2018: the year everyone became happy because the alternatives were too bleak. Bands started penning the joyful resistance; ecstasy in the face of austerity; the creative industry’s peaceful protest. It only figures that sustained joy would be the next stage of the revolution.
Ezra Collective’s debut album comes in as a kind of positive digestion system, leeching off your falsified happiness and replacing it with their authentic alternative. In so much as the south London jazz scene has erupted in the last twelve months, the young five-piece has been the pulsing heartbeat of the afrobeat and grime fusion at its core. Happiness and friendship is key: not only can you not steal their joy, you have to listen to it unravel and become even more joyful. What more did you expect from the band that wrote a slightly chic, breezy jazz-pop track about the Star Wars Franchise’s Mace Windu?

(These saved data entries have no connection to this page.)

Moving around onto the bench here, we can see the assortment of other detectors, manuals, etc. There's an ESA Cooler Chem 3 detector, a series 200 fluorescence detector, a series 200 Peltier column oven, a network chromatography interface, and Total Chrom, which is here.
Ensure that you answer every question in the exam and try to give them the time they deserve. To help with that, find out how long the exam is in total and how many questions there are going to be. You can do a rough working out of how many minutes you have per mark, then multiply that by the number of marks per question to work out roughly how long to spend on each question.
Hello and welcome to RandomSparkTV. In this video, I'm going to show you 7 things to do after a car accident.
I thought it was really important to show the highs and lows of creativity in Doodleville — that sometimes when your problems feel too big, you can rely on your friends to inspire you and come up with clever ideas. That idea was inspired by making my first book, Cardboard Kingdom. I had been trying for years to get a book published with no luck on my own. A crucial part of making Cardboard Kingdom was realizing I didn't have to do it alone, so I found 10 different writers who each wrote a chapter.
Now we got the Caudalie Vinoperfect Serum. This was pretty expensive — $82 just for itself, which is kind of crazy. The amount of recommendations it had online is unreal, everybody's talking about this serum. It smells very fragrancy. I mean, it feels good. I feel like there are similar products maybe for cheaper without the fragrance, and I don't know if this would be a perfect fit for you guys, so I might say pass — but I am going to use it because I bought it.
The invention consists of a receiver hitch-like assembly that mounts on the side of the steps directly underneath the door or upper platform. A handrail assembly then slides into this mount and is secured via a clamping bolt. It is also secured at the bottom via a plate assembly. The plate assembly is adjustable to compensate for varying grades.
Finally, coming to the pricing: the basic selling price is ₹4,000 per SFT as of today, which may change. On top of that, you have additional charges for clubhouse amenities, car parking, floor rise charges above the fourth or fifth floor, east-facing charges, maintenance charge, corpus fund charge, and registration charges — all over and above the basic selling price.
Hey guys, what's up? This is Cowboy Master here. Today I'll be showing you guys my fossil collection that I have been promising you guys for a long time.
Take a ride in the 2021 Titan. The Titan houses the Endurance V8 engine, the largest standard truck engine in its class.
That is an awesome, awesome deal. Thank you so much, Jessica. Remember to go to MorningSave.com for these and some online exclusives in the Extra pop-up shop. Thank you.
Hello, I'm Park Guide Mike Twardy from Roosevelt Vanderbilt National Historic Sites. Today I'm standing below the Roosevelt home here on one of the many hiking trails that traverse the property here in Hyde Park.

Bandleader Femi Koleoso on drums is the frantic spirit of the record, the convulsing centrepiece in ‘Why You Mad?’, the cheeky ska undertones that more than nod to UB40 in ‘Red Whine’. It doesn’t matter that the key-driven ‘Philosopher II’ sounds like Tubular Bells for solo piano; ‘São Paulo’ strikes with all the rock’n’roll samba flair of Santana at Woodstock, while ‘Chris and Jane’ takes the Ninth Circle soul of a Danny Krivit club mix and filters it through Dylan Jones’s doleful trumpet in ‘People Saved’.
Then there’s the electric ‘Quest For Coin’ – an instant classic within the unlikely monster hits for a new generation alongside The Comet Is Coming’s ‘Summon The Fire’ and Moses Boyd’s ‘Rye Lane Shuffle’. It’s even enough to steal the headlines from the high-profile features of Loyle Carner and Jorja Smith, which make nice additions to the team sheet if nothing else.
You Can’t Steal My Joy is more than just a spiritual Mahavishnu marching band. As far as nu-jazz rising and jazz fusion will curtail, this is a pop album at its apex; a catchy and carefree excursion into joy. At the heart of a bubbling scene without a point of entry for many, Ezra Collective stand with their arms wide open.